WHAT IS EXPECTED:
Write out all the records exactly, and keep any images out.

INFORMATION SHOWN:
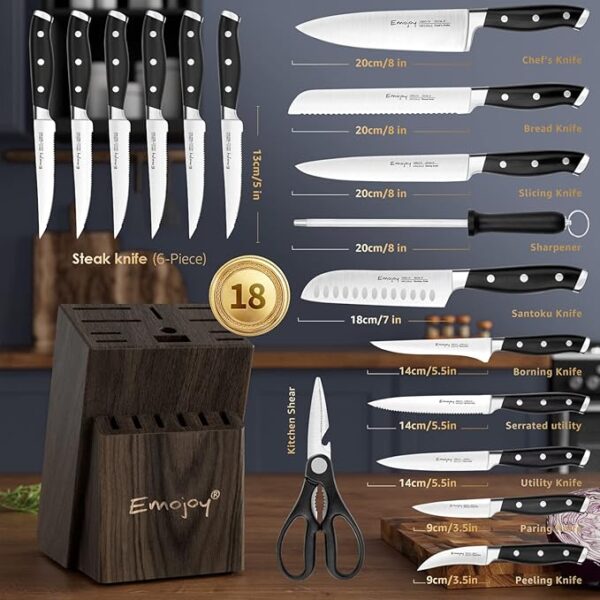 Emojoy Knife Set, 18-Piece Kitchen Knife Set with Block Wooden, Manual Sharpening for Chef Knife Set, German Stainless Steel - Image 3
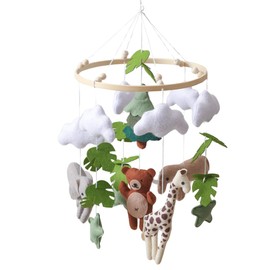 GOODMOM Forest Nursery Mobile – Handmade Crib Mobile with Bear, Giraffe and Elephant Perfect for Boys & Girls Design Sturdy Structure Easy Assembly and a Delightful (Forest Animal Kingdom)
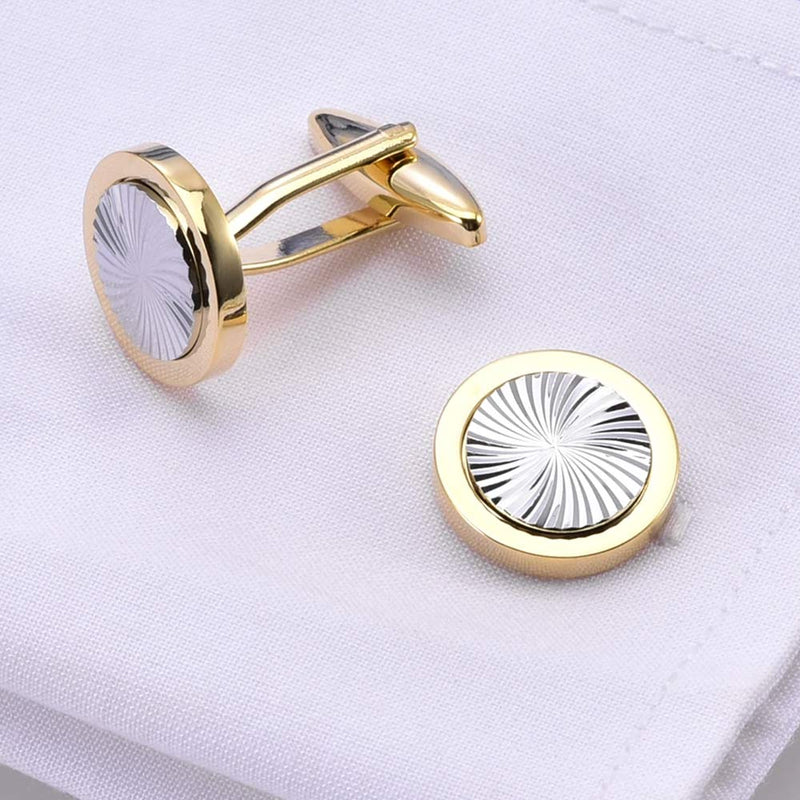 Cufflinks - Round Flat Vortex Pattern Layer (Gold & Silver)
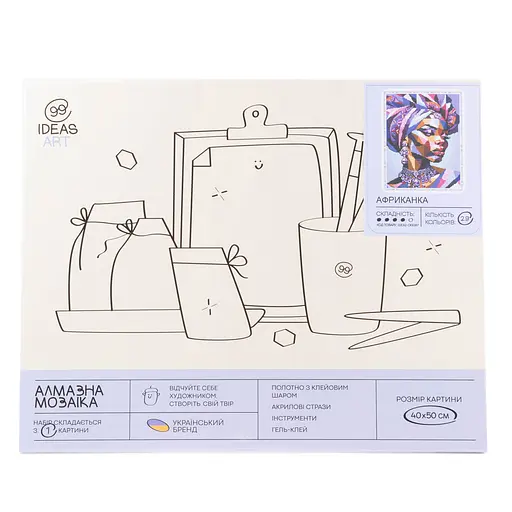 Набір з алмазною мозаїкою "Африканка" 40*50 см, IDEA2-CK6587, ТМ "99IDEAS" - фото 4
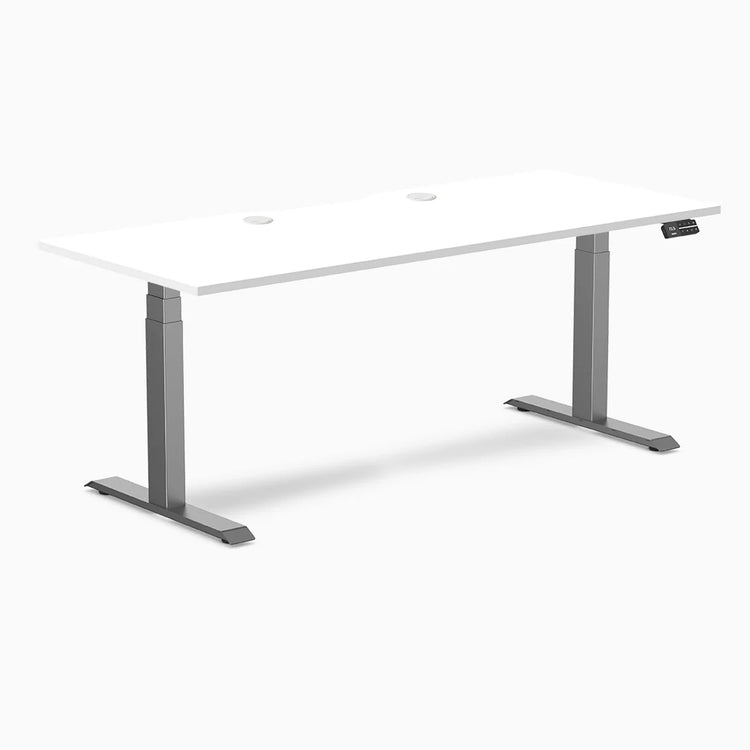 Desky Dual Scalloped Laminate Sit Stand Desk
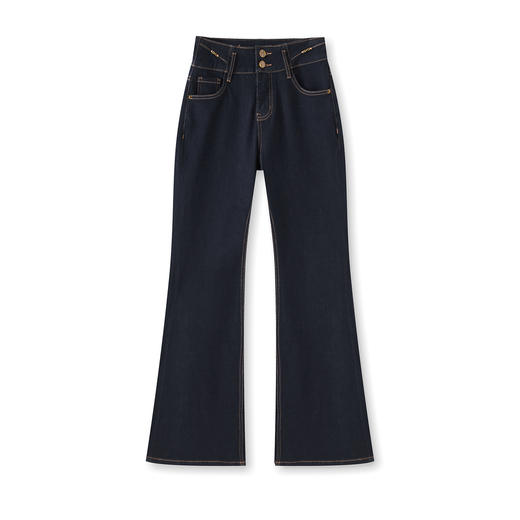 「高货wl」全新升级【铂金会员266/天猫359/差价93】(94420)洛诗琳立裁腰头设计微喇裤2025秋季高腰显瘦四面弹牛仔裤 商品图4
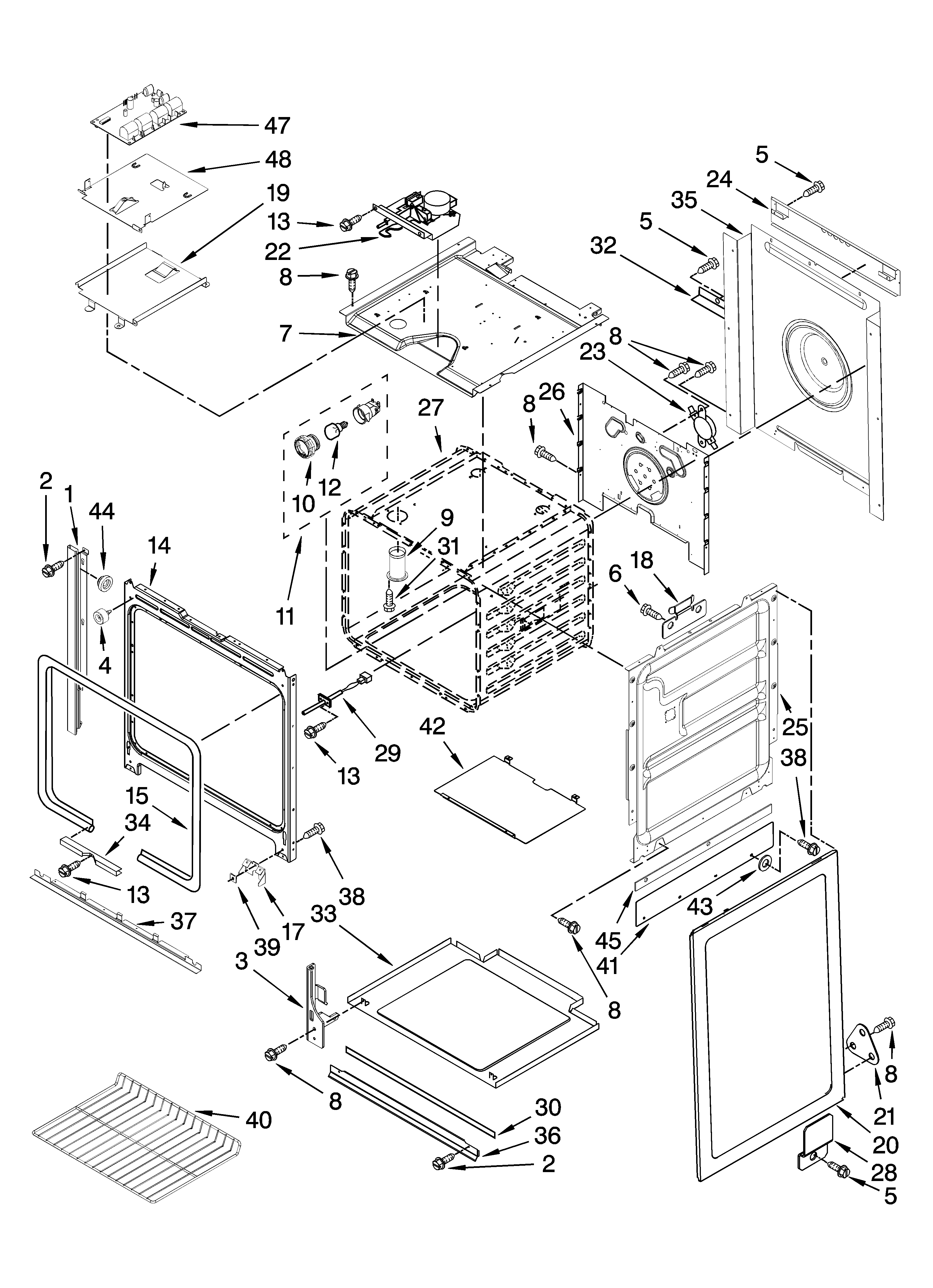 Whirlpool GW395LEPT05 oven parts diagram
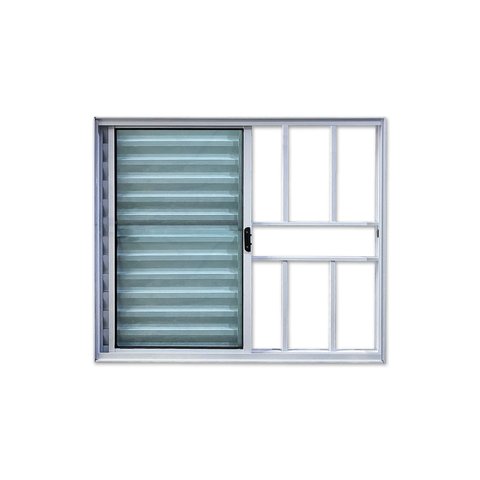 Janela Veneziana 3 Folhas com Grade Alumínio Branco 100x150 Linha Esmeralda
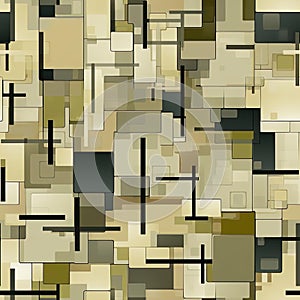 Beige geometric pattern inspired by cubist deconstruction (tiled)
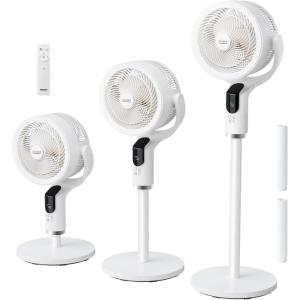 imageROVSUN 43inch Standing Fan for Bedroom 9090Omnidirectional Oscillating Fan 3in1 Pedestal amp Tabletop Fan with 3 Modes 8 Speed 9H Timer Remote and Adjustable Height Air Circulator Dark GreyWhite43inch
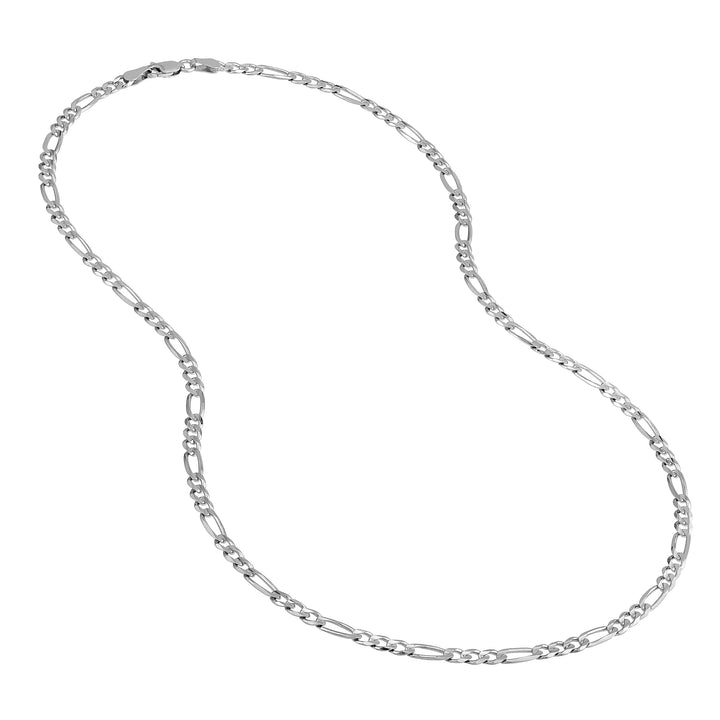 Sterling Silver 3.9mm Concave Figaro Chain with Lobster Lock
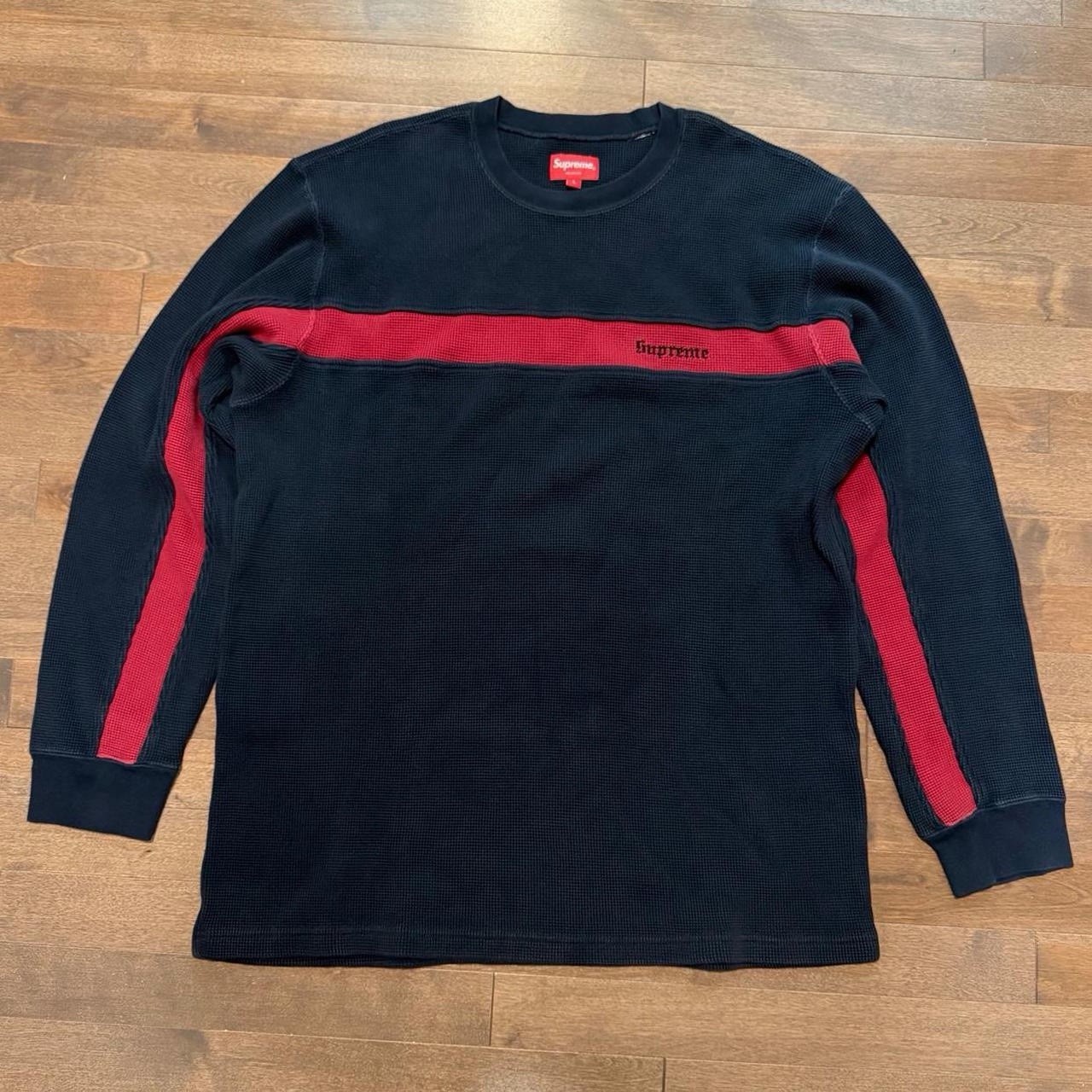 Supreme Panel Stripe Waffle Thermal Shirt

SOLUTION FOR THIS TASK:
 Emojoy Knife Set, 18-Piece Kitchen Knife Set with Block Wooden, Manual Sharpening for Chef Knife Set, German Stainless Steel - Image 3
 GOODMOM Forest Nursery Mobile – Handmade Crib Mobile with Bear, Giraffe and Elephant Perfect for Boys & Girls Design Sturdy Structure Easy Assembly and a Delightful (Forest Animal Kingdom)
 Cufflinks - Round Flat Vortex Pattern Layer (Gold & Silver)
 Набір з алмазною мозаїкою "Африканка" 40*50 см, IDEA2-CK6587, ТМ "99IDEAS" - фото 4
 Desky Dual Scalloped Laminate Sit Stand Desk
 「高货wl」全新升级【铂金会员266/天猫359/差价93】(94420)洛诗琳立裁腰头设计微喇裤2025秋季高腰显瘦四面弹牛仔裤 商品图4
 Whirlpool GW395LEPT05 oven parts diagram
 Janela Veneziana 3 Folhas com Grade Alumínio Branco 100x150 Linha Esmeralda
 Beige geometric pattern inspired by cubist deconstruction (tiled)
 imageROVSUN 43inch Standing Fan for Bedroom 9090Omnidirectional Oscillating Fan 3in1 Pedestal amp Tabletop Fan with 3 Modes 8 Speed 9H Timer Remote and Adjustable Height Air Circulator Dark GreyWhite43inch
 Sterling Silver 3.9mm Concave Figaro Chain with Lobster Lock
 Supreme Panel Stripe Waffle Thermal Shirt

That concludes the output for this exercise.